The overnight journey from Ocean City to Norfolk unfolded exceptionally smoothly, with calm winds and waves—though we wouldn’t have minded a bit of sailing breeze. The tunnels beneath the entrance to Chesapeake Bay added an interesting dimension to the trip. Riding the current on the motor, we arrived ahead of schedule and, in the darkness, opted to dock at Rebel Marina instead of heading to Norfolk Harbor. The warm, homely atmosphere at Rebel Marina was welcoming, though the distant proximity to Norfolk posed a challenge for city exploration via taxi. The next day, we relocated to the splendid Waterside Marina in Downtown Norfolk, where the dockmaster, James, greeted us with care and attention.

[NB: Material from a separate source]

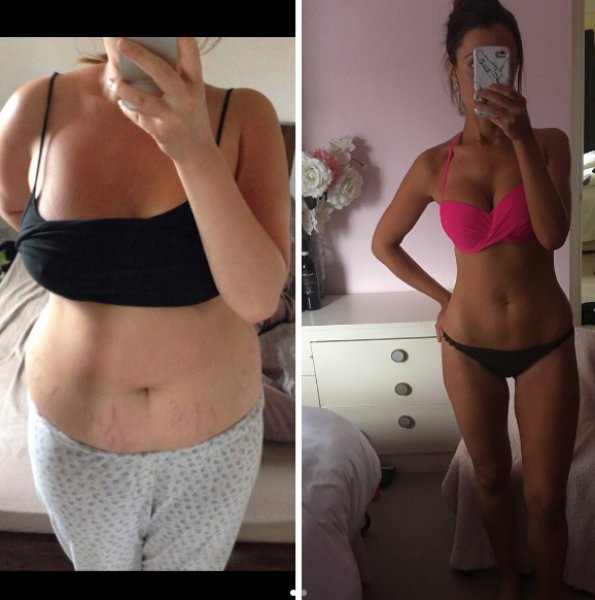 Böyle değişim görülmedi! İğne ipliğe döndü resmen - Resim: 1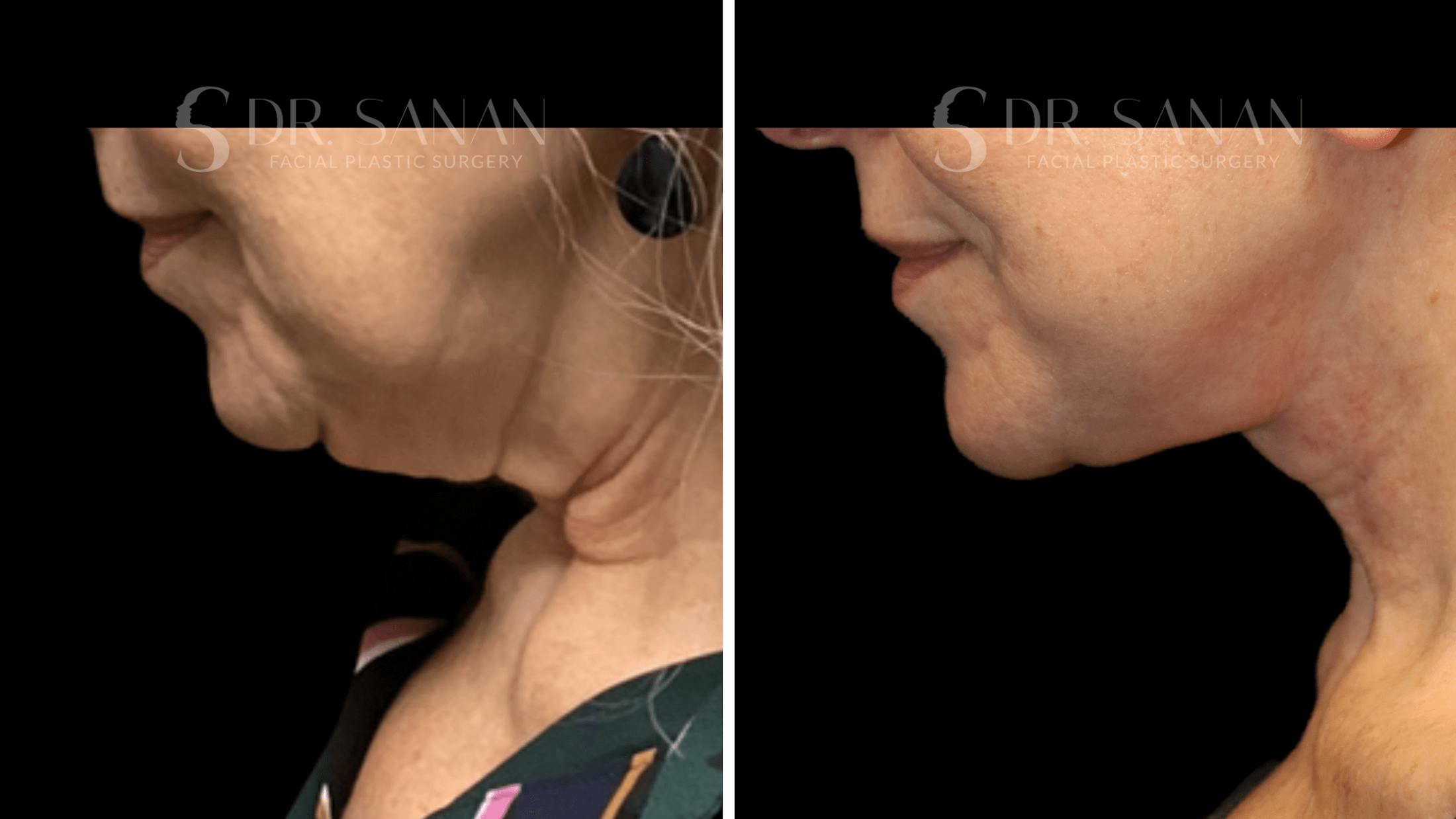Neck Lift Before & After Gallery - Patient 276137 - Image 7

En route to the marina, we witnessed Norfolk’s claim to fame—the world’s largest naval base, teeming with naval ships, including six aircraft carriers. Coming from Sevastopol, a city with the Black Sea and Ukrainian fleets, the openness of the naval base here was remarkable. Passing close to an aircraft carrier was an awe-inspiring experience, and military boats promptly escorted us away from the navigation channel with flashing lights. The sheer size of the aircraft carrier, as well as a passing container ship, left a lasting impression.
Our two-day stay in Norfolk involved weathering a storm and exploring the city. The Nauticus Museum, accompanied by the real battle cruiser Wisconsin moored nearby, provided fascinating insights into ship life. During a bike ride around the city, Irina had a memorable encounter with the water—caught on the step while taxiing close to the pier, she and her bicycle took an unexpected plunge. With the help of a good samaritan, Iryna was swiftly rescued, but the bike met a watery fate. A determined effort with a dinghy anchor, in waters about 5 meters deep, successfully retrieved the sunken bicycle.
In the marina, we reunited with old travel companions Topher and Arianna, along with their wonderful children Bishop and Harrison. They, too, were en route to the Bahamas on their 58-foot powerboat, Roaming Dreams. Arianna’s Ukrainian roots led to a pleasant language exchange. Interestingly, they had also lived in Ottawa at one point, stationed at the Chrysler Marina alongside us. It’s a small world!
Once the storm subsided and Iryna dried off, we set sail along the Intracoastal Waterway, ready for new adventures and challenges.